Eduporium Experiment | SAM Labs Curious Cars Kit
In order to be a successful scientist, engineer, programmer, mathematician, or artist, it is crucial to understand how everything in a system fits and works together. Professionals who excel in these professions are constantly asking themselves like “What does each piece do? When combined with other parts, what changes? How do they work together? What makes them work? Why is a combination of parts more powerful than when you use them on their own?” STEM education should also encompass these questions and concepts in a way that is fun and engaging to students, but they can get pretty confusing and abstract! How can we put them together in an easy-to-follow package and present them to students in a medium that they will understand?
If you ask the minds at SAM Labs, that question is easily answered - just make it fun! They have worked hard to make the concepts of programming and engineering tangible for learners of all ages. This week, thanks to their inventiveness, I took the Eduporium Experiment for a test drive with the SAM Labs Curious Cars Kit.
Now, unlike most Eduporium Experiments, I wasn’t walking into this one completely blind. Our team had, in fact, sat down over Google Hangouts to do our own personal professional development session with a member of the SAM Labs team a week or so ago, so I was already fairly familiar with the Curious Cars kit. I was excited to explore it further, however, since we, of course, hadn’t had as much time to play around with it in our PD session as we would have had we just been exploring it on our own.
Personally, I think the design of the SAM Labs products is pretty ingenious. The Curious Cars kit in particular comes with six pieces of technology, all very uniform in size, and all encased in soft, malleable plastic. They are clearly labeled in simple language, and the whole kit is very fun to touch, which is designed to be encouraging for learners and get them started with getting their hands on the technology. I am a tactile learner myself, and right out of the box the kit’s bright colors and varied material textures appealed to me immensely. The Curious Cars Base Kit comes with six blocks, as I mentioned before, that all teach different programming concepts.

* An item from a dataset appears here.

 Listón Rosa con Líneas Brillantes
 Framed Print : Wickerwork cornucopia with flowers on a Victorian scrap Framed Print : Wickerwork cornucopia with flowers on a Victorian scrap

It has two motors, a button, a slider, a tilt sensor, and a light. All of these blocks are used throughout the course of multiple lessons (taught via the SAM Labs Curious Cars app) to teach students how to build their own cool cars and even get their feet wet with coding!

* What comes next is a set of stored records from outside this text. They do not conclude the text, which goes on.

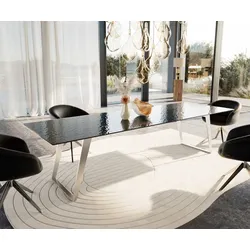 DELIFE Esstisch Edge 300x100 Reliefglas Rauchschwarz 3D-Design Edelstahl Schräg, Esstische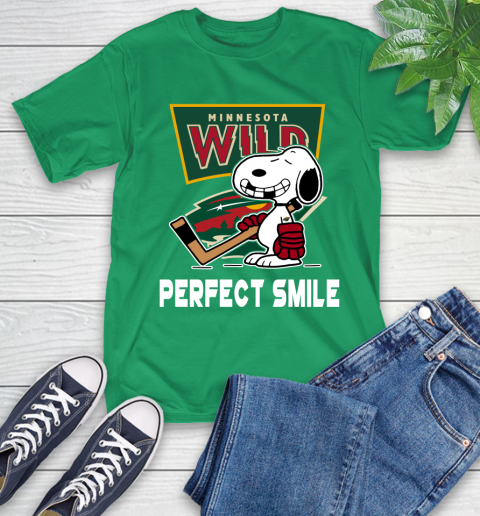 NHL Minnesota Wild Snoopy Perfect Smile The Peanuts Movie Hockey T Shirt T-Shirt 7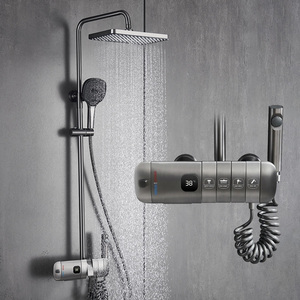 Ensemble de robinetterie de douche moderne <span class=keywords><strong>pour</strong></span> salle de bain, système de douche à affichage LED brossé, pommeau de douche effet pluie, douchette à main, ensemble de douche <span class=keywords><strong>spa</strong></span> - Product Image 1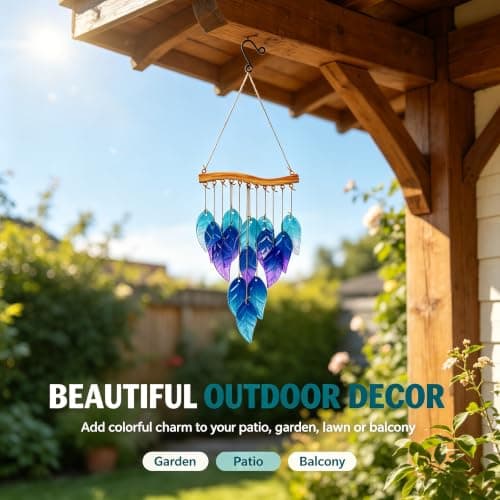 Wind Chimes Blue Glass Leaves, Garden Wind Chime for Home, Party, Festival Decor, Glass Garden Patio Yard Porch Decoration Indoor/Outside, Lifelike Leaf Style - Thumbnail 2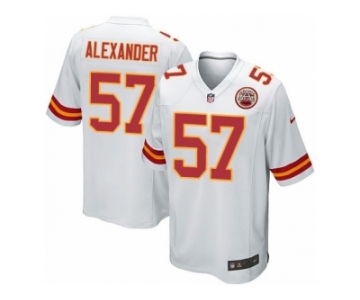 Men's Nike Kansas City Chiefs #57 D.J. Alexander Game White NFL Jersey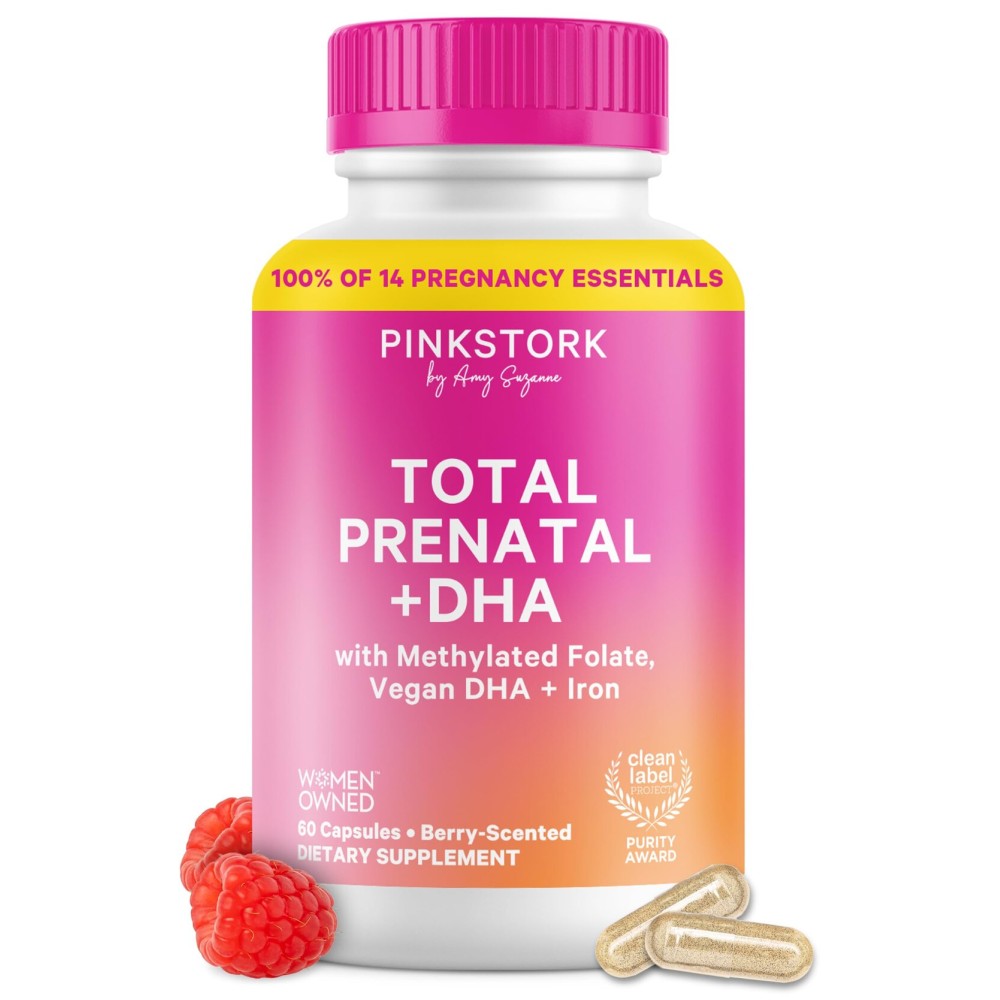 Pink Stork Total Prenatal Vitamins with DHA, Folate, Iron, Choline, and Vitamin B12 - Prenatals for Women to Support Fetal Development, Pregnancy Essentials, Berry Essence, 60 Capsules, 1 Month Supply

Like many of our 21st century learning products, the first step to getting the Curious Cars Kit up and playing is downloading a free app to your phone or tablet. Once the app is launched, the user is immediately greeted with fun, appealing graphics and gentle music that draws them into the world of SAM Labs and gets them excited to learn. The app is designed like a game in more than one way: it guides students through little learning modules, starting out very simple and getting more complex as they get deeper into the material, and introducing new concepts (i.e. blocks) with fun mini games between each lesson. As a former game design student, I thought the app’s design was an excellent choice. Kids are introduced to new concepts through familiar games (a riff on the classic game, Brickbreaker, for example, is used to introduce the Slider block), which prepare them to use them in the practical application of building their cars. I played through the whole app in about an hour, and over the course of my time I got to build a racecar, a bulldozer, and even a rocket ship! Although it took me a fairly short amount of time (because I’m older than SAM Labs’ intended audience), I still felt like I was learning and growing with each lesson I played. And it really did feel like play!
I think that this kit would appeal to any young learner in the digital age. It’s engaging, fun, and hands-on. It encourages kids to try new things and go beyond the box to create their own mobile inventions! The Curious Cars Kit really is a great introduction to engineering, programming, and modular design, and I believe it more than earns its place in any 21st century classroom.